Примечательно, что современники не ожидали от русской армии способности к ведению столь успешных боевых действий. Поэтому возникали самые экзотические объяснения невиданных побед русских.
Так, некий итальянский аноним ХVI века виновниками поражения литовцев называл… английских и немецких пушкарей, служивших московитам. Мол, именно они своим огнем зажгли город и принудили его к сдаче. При этом размеры армии Ивана Грозного сильно преувеличивались.
Так, итальянский подданный этрурского князя Космо I написал о том, что войско Ивана IV якобы насчитывало 200 тысяч человек. Такая же цифра содержится в рукописной газете, хранившейся в архиве каноника мюнстерского собора в Цюрихе Йоганна Якоба Вика. В немецких «летучих листках» упоминаются цифры 200, 260 и даже 300 тысяч человек — то есть в десять раз больше, чем было в действительности.
Рукописная газета из архива Йоганна Вика так говорит об Иване IV: «Он убил много наших, многих полонил, спалил, утопил, выслал и обращался с ними совсем не по-христиански».
При этом число жертв в Полоцке росло от сочинения к сочинению
Так, «Правдивая и страшная газета про ужасного врага Московита» 1563 года повествует, что при штурме было вырезано 20 тысяч горожан, в особенности женщин, девушек и детей, а 60 тысяч было уведено в плен.
В письме анонима из Кракова, хранящемся во Флорентийском архиве Медичи, говорится о 16 тысячах полочан, павших при штурме, и 60 тысячах вырезанных жителей в самом городе и его окрестностях после сдачи.
Итальянский аноним пишет, что в городе укрывалось 60 тысяч человек, из которых многие были перебиты как скот, другим выкалывали глаза, и кто пережил эти издевательства и пытки, остались в московском плену безо всякой надежды на выкуп.
Цифры в 20–70 тысяч жертв в Полоцке фигурируют и в других немецких «летучих листках», а в ряде сочинений утверждалось, что Иван Грозный «город целиком и полностью сжег до основания и 20 тысяч человек предал мучительной смерти на крючьях и виселицах».
При этом при штурме Полоцк, конечно, пострадал от артиллерийского огня, но вовсе не был сожжен дотла. Но самое главное: число населения Полоцка на момент штурма не превышало 12 тысяч человек!

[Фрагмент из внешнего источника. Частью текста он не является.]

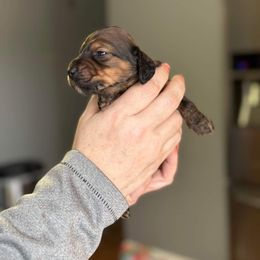 Dachshund Puppies from Rea's Puppies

Взятие Полоцка получило отражение и в другом западноевропейском нарративе.
В сатирической песне, сочиненной в 1563 году Гансом Газентутером, позиция Ганзейских городов, продолжающих наживаться на торговле с московитами несмотря на гибель Ливонии, была сравнена с грехом Иуды.
В самой же Ливонии судьбу Полоцка восприняли сочувственно и в то же время с некоторым пониманием. Как писал ливонский хронист Бальтазар Рюссов, «эту потерю наследственных земель и городов король польский должен был претерпеть из-за принятой Ливонии; потому что, приняв Ливонию, он должен был также делить и переносить ее наказания и муки».

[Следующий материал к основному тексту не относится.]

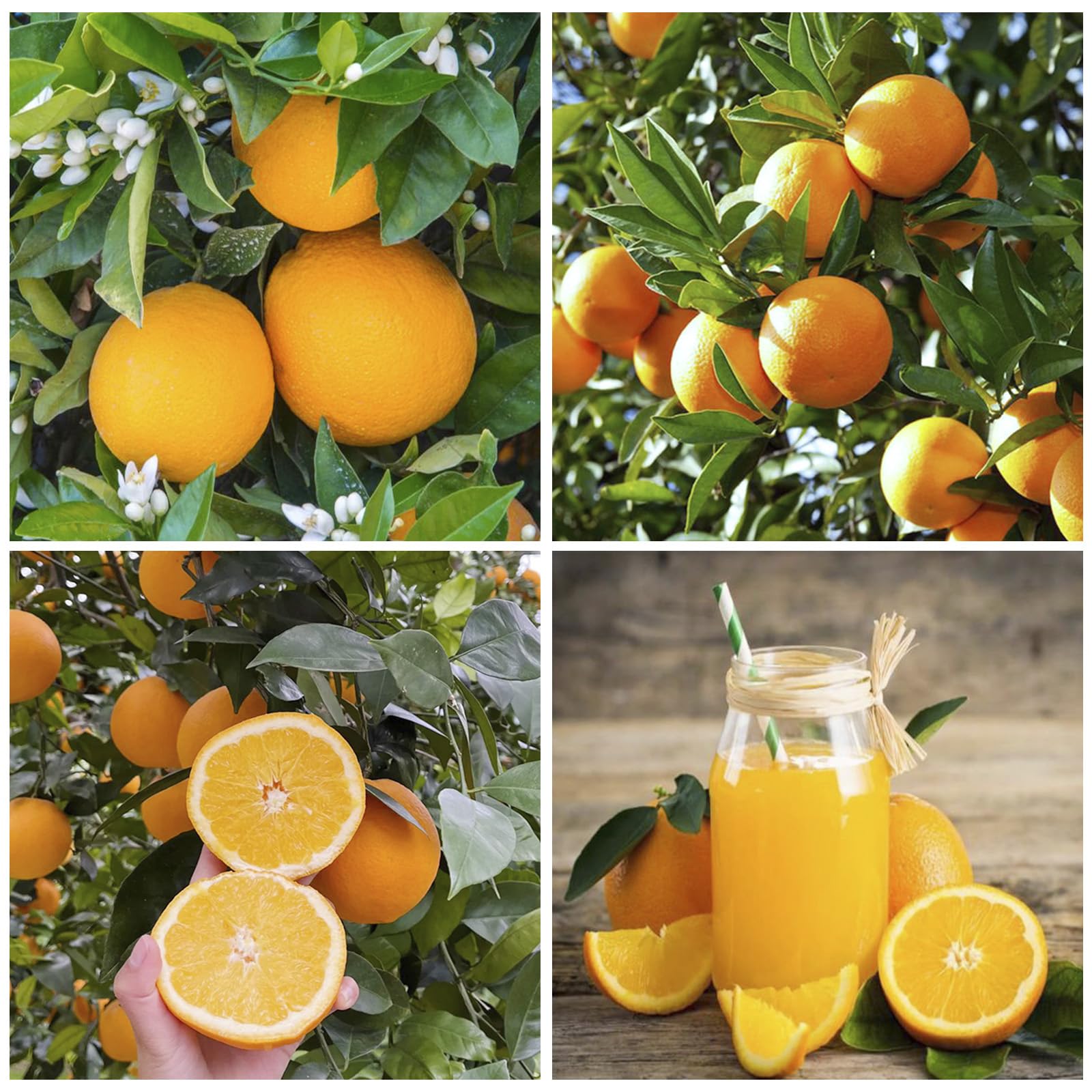 Navel Orange Seeds pack for planting, ideal for home orchard growth.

В 1570 г. императором Максимилианом II в г. Шпейер был созван рейхстаг, на котором присутствовали делегации от германских земель, втянутых в конфликт (представители ордена, ганзейских городов, герцога прусского, Дании), а также послы Польши.
По словам русского историка Георгия Форстена «представители от администратора прусского ордена указывали», что «долг имперских князей и самого императора принять участие в судьбе Ливонии и настоять на удалении из нее всех иноземных войск».

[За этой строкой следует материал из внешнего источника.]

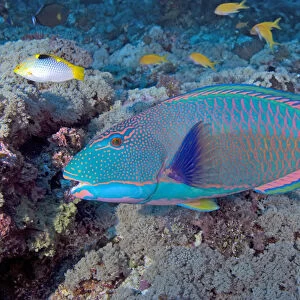 South Pacific, Solomon Islands, Meri Island. Close-up of an adult bicolor parrotfish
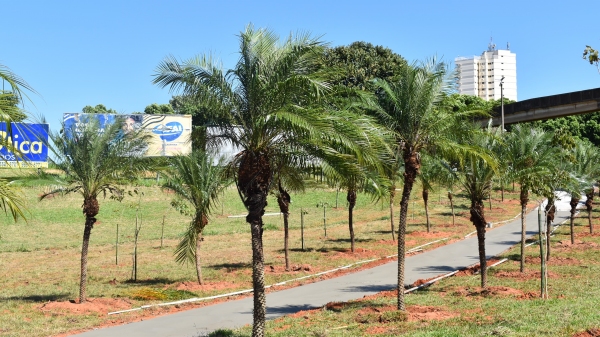 Área ao lado do terminal rodoviário, antiga pista de bicicross (Divulgação/PMA).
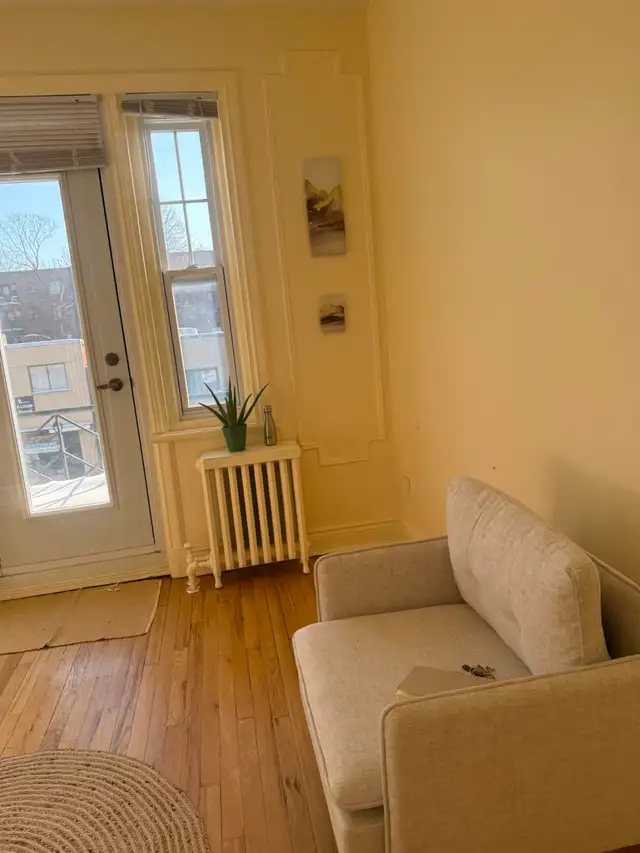 NEW COUCHES FOR SALE - Photo 5
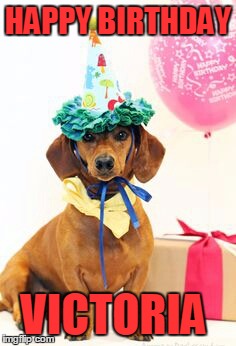 dachshund birthday  | HAPPY BIRTHDAY; VICTORIA | image tagged in dachshund birthday | made w/ Imgflip meme maker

В свою очередь «польские послы добились на рейхстаге отдельной аудиенции у императора и в сильных выражениях представили полную ужаса картину московского господства в Ливонии». Помимо прочего поляки добивались экономической блокады России и призывали к солидарности все немецкие земли. По словам послов, «…сношения иностранных государей с Москвою только усиливают этих варваров московитов…; пусть все имперские князья вникнут в эти обстоятельства, и они увидят, какая опасность грозит всей Германской империи. Ливонские события — это общее дело всех государей; они поэтому должны общими усилиями добиться прекращения торговых сношений с русскими Любека и др. городов».